4.It would appear that the complainant gave an unsworn testimony. The complainant testified that she knew the accused person as K. That the accused person did something bad to her. The record indicates that the complainant pointed at her genital area. That Kdid the act at his house and that the complainant felt pain and cried. The complainant testified that Kremoved her trouser then did the act to her. She confirmed that she reported to her mother what had happened. The record indicates that the witness who testified as PW 3 was one Kevin Sanya Ouma, a clinical officer. However, his testimony was not completed as the defence objected to the witness producing medical documents not prepared by him. The witness was then stood down.
5.From the record, the next witness was identified as PW 3. This was KM (name withheld), who stated that the complainant was her child. His evidence was that on 4/5/2022 PW 1 called him and stated that she was taking the complainant to hospital as the complainant had been defiled. The witness went to Kambu and met the complainant, her mother and a police officer. That the complainant informed him that Khad defiled her inside his house.
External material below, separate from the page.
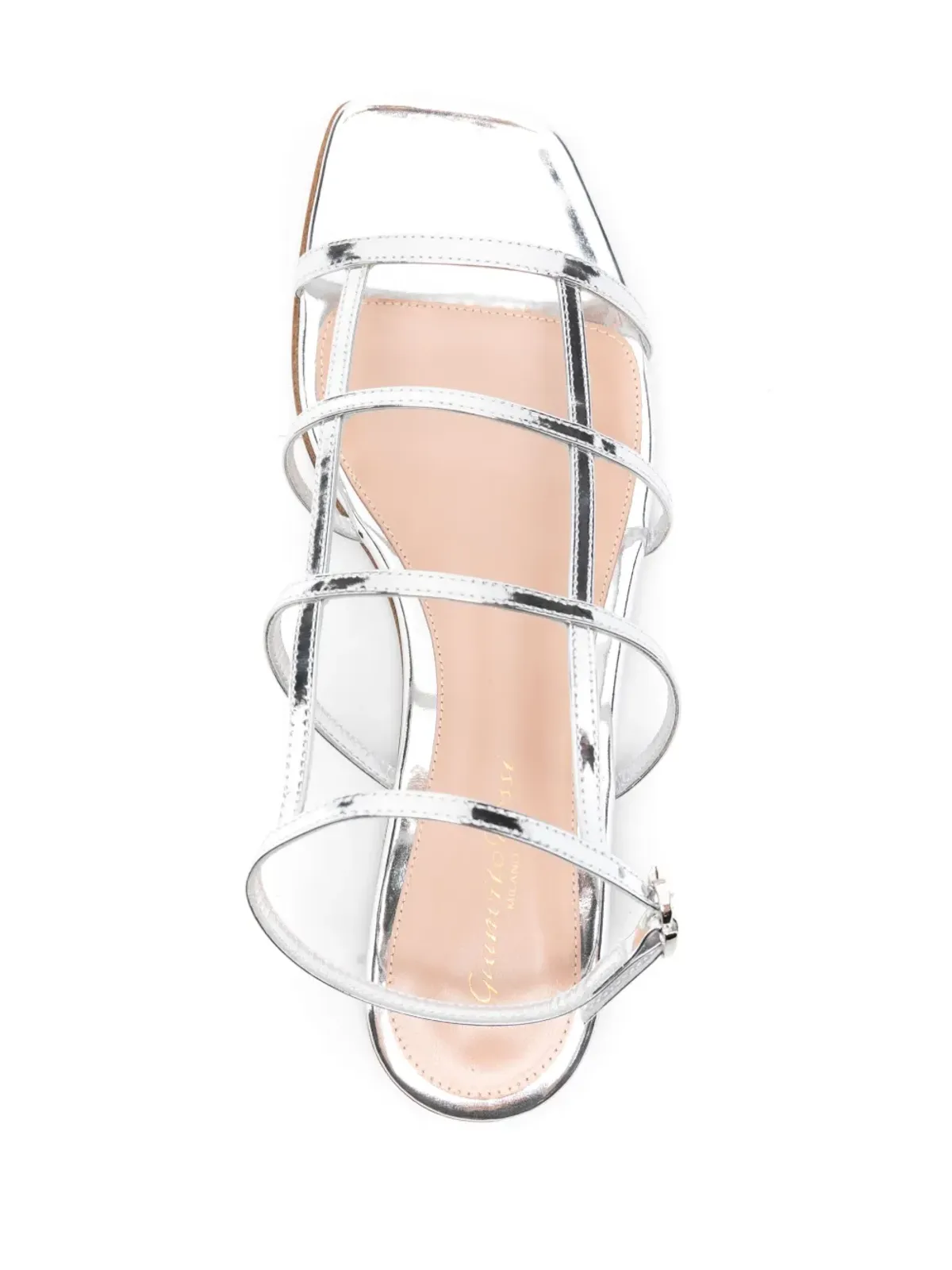 Gianvito Rossi メタリックレザー フラットサンダル - シルバー - 画像4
PW 4 (who was initially called as PW 3) Kenvin Sanya Ouma testified that he was a Clinical officer. The witness produced the P3 and PRC forms in respect of the complainant. PW 5 Police Constable Kassim Owangu testified that he took over the matter from the initial investigating officer who was transferred. The witness did not conduct any investigations in the matter. He produced the complainant’s health card in evidence.
The Defence Case
6.When the accused person was placed on his defence, he opted to give a sworn testimony and called one other witness. The accused person testified that he did not defile the complainant. That on 11/5/2022 he was at work at Subati area. That he reported to work at 8:00 am and left at 4:00 pm. The accused person stated that he heard rumours that a child had been defiled by an unknown person. It was the testimony of the accused person that he had a medical condition which affects his kidneys and makes him weak in body. That he has had the condition since 2019 and is on constant medication. The accused person stated that he cannot even erect. That he saw the complainant for the first time in court.
7.DW 2 JM testified that the accused person was her child. That the accused person has been unwell since the year 2019 and has been using a Catheter since then. The witness stated that she did not know the complainant nor her mother but used to see them pass by. That on 11/5/2022 the accused person was at work. DW 2 stated that the allegations against the accused person were false.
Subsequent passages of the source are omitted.